Why does some people's hair grow lopsided?

 There are people in this world like me that always seem to have uneven hair.  One side has always grown in differently than the other side. Historically, for all my life, I would always get breakage on my right back side of my head.  I always was proned to lopsided hair.  So why is that?  During my 2014 Sisterlocks training, I discovered something amazing.  The curl pattern on my left side of my head is slightly looser than the right side of my head.

If you look at the pictures above with the hair strands in the water, then you will be able to see that the diameter of my curl revolutions are two different sizes.  Also, the looser curl pattern remained floating at the top of the water, but my tighter curl pattern sunk to the bottom of the glass.  I had an "aw-haw" moment.  Two different curl patterns that were behaving differently in water. This was surreal.  I now realized that my hair on my head has always had two different needs as far as regimens.

My looser curl pattern remained a long strand, but the tighter curl pattern seemed so fragile that I only could grab short strands.  Simply amazing.  So the reason why my hair has historically grown in lopsided is because I had two different curl patterns on each side of my head.  The side that was most sensitive to breakage has the tightest curl pattern.  By locking my hair and staying away from chemicals, I believe for once in my life, I will be able to maintain even length hair.

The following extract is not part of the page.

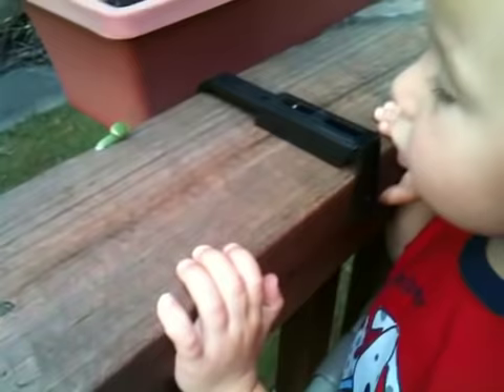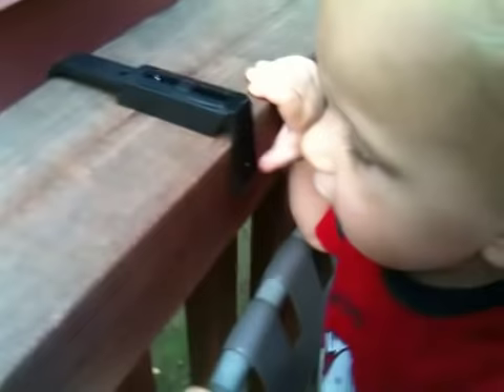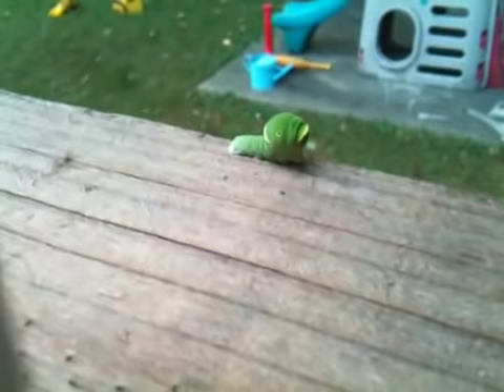Look at that little thing. Don't touch it! He looks like a baby snake head, doesn't he? He's trying to show us his little decoy.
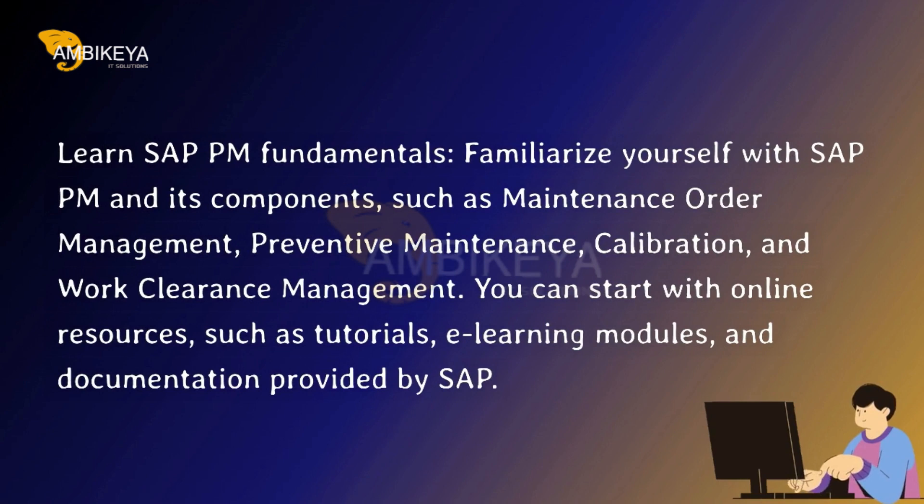Learn SAP PM Fundamentals. Familiarize yourself with SAP PM and its components, such as maintenance order management, preventive maintenance, calibration, and work clearance management.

If you are interested in checking out your own head for curl pattern variations, then try this texture test:

1) Get a clear tumbler of water and sit it on paper that is the opposite color of your hair.
2) Make sure there is at least 3 inches of water in the glass.  You want to see if your hair sunks to the bottom of the glass or not
3) Harvest strands from various areas of your head by running your fingers through your natural hair or your locks.
4) Put the strands into the glass of water and see if they float or sunk .  Look at the curl diameters to compare if they are all consistent or not.